BRIEF:
Hunt through the entries for the word "private" and copy each line in which it appears.

MATERIAL FOR THIS TASK:

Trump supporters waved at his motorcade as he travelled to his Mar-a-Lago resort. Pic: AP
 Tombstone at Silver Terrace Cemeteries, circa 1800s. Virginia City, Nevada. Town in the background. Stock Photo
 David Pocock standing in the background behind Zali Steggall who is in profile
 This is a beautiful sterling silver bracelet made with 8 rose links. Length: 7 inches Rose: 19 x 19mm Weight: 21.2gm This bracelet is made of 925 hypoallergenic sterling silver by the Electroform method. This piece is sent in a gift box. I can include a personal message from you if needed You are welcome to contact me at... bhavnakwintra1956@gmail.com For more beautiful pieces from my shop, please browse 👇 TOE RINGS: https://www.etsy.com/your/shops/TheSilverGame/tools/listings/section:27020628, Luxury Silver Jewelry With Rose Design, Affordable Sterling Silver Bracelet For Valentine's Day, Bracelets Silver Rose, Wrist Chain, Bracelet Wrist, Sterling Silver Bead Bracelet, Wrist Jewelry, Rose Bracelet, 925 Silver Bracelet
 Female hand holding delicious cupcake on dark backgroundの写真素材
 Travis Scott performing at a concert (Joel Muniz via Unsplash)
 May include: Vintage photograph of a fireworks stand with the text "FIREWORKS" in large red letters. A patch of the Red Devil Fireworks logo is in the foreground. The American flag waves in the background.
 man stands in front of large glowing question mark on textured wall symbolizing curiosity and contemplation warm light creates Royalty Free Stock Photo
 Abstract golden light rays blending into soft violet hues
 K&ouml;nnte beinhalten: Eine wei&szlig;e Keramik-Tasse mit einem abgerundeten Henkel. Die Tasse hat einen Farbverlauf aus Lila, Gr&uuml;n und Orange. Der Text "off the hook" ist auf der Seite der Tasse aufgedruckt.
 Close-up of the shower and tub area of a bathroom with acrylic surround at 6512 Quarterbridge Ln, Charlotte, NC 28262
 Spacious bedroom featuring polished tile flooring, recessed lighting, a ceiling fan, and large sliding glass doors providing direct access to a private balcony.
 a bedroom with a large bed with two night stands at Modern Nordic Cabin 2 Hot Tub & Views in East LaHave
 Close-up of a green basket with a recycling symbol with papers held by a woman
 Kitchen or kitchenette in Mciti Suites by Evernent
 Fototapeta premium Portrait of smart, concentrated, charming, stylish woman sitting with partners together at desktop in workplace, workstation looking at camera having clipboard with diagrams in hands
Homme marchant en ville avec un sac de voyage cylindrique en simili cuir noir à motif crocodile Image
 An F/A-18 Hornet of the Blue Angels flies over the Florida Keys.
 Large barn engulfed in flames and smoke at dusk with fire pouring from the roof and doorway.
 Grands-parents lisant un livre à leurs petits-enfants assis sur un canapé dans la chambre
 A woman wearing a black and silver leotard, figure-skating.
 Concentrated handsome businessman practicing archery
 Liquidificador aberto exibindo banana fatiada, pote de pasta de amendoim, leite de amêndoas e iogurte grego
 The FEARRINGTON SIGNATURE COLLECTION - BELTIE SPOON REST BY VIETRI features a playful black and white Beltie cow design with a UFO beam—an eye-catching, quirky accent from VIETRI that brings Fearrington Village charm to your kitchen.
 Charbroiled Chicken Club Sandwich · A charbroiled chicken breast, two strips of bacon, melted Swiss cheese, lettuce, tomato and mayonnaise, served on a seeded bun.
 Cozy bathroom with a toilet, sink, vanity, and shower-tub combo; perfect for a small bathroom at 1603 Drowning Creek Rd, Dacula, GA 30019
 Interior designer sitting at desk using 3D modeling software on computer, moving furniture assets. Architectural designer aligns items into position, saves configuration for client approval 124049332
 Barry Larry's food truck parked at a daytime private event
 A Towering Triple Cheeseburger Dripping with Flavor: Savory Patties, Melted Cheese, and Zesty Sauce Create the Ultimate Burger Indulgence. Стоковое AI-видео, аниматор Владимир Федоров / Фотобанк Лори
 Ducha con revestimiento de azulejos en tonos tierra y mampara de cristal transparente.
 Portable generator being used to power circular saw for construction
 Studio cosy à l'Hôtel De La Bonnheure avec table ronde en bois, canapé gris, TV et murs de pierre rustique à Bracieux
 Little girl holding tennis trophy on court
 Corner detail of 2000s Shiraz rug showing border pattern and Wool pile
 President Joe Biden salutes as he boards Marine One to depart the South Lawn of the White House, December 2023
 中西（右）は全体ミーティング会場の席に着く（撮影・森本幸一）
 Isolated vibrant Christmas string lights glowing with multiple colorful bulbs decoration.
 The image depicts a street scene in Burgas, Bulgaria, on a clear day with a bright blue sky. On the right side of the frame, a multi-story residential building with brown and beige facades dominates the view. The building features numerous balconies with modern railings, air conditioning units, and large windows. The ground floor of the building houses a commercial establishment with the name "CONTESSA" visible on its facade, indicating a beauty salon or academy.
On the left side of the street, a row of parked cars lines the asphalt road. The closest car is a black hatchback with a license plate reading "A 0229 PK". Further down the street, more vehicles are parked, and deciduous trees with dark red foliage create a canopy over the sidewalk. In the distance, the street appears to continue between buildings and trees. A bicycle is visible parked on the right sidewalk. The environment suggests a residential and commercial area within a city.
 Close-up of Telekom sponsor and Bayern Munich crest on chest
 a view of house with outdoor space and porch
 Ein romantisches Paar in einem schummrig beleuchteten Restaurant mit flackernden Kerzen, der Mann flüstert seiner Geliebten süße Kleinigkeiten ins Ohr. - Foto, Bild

PROBLEM SOLUTION:
 Spacious bedroom featuring polished tile flooring, recessed lighting, a ceiling fan, and large sliding glass doors providing direct access to a private balcony.
 Barry Larry's food truck parked at a daytime private event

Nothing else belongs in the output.